Quand Arbus a vendu un portefeuille à l'artiste Jasper Johns, elle a écrit à son ex-mari à la fin d'avril 1971: «Le premier qui ne me connaît pas», ajoutant: «Quatre sont vendus, deux fois et demi payés. Les propriétaires sont hors de qui est qui. Ma confiance est absurde sur des montagnes russes. "

Arbus n'a jamais su à quel point elle devait devenir célèbre. Après son suicide, ses filles, Doon et Amy, ont décidé de compléter l'édition de 50, comme prévu. Neil Selkirk, un étudiant d'Arbus, a imprimé le reste. C'était une tâche difficile, notamment parce qu'Arbus avait perfectionné sa propre technique d'impression idiosyncratique. Bien qu'elle ait proclamé que la prise de la photo était l'aspect le plus important de son travail, «personne n'était plus bananier qu'elle ne se souciait de l'impression», dit Selkirk.

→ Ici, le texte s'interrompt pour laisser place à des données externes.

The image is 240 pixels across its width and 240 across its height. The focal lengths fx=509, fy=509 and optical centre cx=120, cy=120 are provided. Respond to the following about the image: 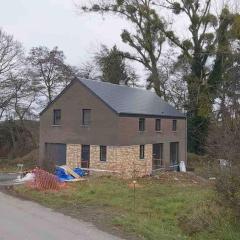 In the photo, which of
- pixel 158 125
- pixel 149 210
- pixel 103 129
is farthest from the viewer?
pixel 158 125

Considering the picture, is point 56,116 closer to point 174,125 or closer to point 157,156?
point 157,156

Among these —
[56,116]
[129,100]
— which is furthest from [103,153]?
[56,116]

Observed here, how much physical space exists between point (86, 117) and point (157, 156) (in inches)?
335

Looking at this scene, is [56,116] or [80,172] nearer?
[80,172]

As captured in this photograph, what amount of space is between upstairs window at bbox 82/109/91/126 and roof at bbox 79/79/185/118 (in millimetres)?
1724

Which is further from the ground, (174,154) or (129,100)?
(129,100)

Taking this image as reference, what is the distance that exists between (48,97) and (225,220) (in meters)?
49.3

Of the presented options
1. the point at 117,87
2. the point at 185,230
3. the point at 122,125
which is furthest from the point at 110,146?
the point at 185,230

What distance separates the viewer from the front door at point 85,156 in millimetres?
38969

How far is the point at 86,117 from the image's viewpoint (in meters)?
39.4

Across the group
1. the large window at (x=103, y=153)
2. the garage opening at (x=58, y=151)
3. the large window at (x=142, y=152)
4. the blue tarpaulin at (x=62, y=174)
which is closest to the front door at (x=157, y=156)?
the large window at (x=142, y=152)

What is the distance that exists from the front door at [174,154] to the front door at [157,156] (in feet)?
9.14

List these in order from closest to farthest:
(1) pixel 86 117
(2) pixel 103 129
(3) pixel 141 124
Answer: (2) pixel 103 129
(1) pixel 86 117
(3) pixel 141 124

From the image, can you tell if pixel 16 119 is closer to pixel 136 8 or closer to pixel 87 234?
pixel 136 8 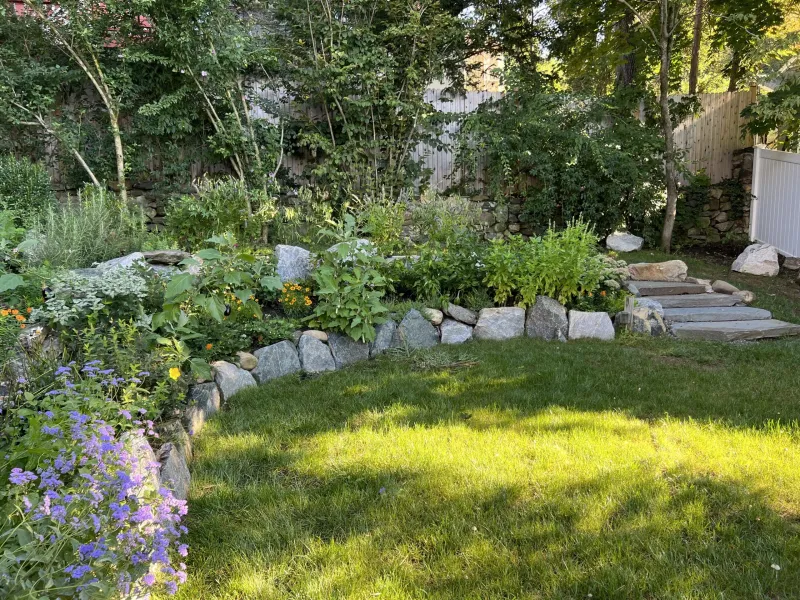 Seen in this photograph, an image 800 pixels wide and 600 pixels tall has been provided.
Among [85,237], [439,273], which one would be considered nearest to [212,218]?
[85,237]

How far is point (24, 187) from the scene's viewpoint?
20.4 ft

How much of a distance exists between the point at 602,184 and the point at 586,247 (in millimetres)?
3598

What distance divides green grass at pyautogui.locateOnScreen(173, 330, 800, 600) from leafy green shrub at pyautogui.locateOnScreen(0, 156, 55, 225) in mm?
4002

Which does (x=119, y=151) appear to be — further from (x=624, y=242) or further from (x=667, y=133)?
(x=667, y=133)

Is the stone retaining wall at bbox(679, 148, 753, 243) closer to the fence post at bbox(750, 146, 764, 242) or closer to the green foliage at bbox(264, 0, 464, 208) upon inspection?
the fence post at bbox(750, 146, 764, 242)

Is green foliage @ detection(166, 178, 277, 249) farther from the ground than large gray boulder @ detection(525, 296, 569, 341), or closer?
farther from the ground

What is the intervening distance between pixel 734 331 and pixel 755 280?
8.27 feet

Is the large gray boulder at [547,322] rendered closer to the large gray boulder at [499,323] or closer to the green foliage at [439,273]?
the large gray boulder at [499,323]

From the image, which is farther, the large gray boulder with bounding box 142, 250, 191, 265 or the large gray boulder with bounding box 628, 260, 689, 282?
the large gray boulder with bounding box 628, 260, 689, 282

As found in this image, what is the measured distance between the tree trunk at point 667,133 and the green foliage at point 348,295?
5.44m

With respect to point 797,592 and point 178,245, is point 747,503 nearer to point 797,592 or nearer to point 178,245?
point 797,592

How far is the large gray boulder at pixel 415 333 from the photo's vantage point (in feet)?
15.4

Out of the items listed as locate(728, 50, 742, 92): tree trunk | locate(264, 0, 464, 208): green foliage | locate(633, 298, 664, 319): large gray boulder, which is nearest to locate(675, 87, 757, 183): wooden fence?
locate(728, 50, 742, 92): tree trunk

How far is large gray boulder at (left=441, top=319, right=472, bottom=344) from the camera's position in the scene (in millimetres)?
4863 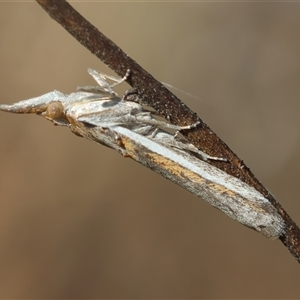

Beaucoup de ces éditions posthumes ont été cassées pour la vente, ayant paru dans diverses maisons de vente aux enchères. Et certaines des éditions complètes posthumes ont été vendues, la dernière en date de Christie's en avril 2018 pour 792 500 $. D'autres ensembles complets posthumes sont conservés dans des collections de musées aux États-Unis, à Londres, à Amsterdam et à Hanovre, en Allemagne. Trois ensembles imprimés par Arbus, étiquetés «épreuves d'artiste» parce qu'ils ne comportent pas de surimpression de vélin, sont conservés par la Tate London / la Galerie nationale d'Écosse, les Harvard Art Museums et le Pier 24 Photography à San Francisco.

Mais, comme le disait Arbus dans son discours de 1970, "Vos images comptent plus pour vous que pour quiconque".

«Diane Arbus: une boîte de dix photographies» est exposée au Smithsonian American Art Museum de Washington, DC, jusqu'au 21 janvier 2019.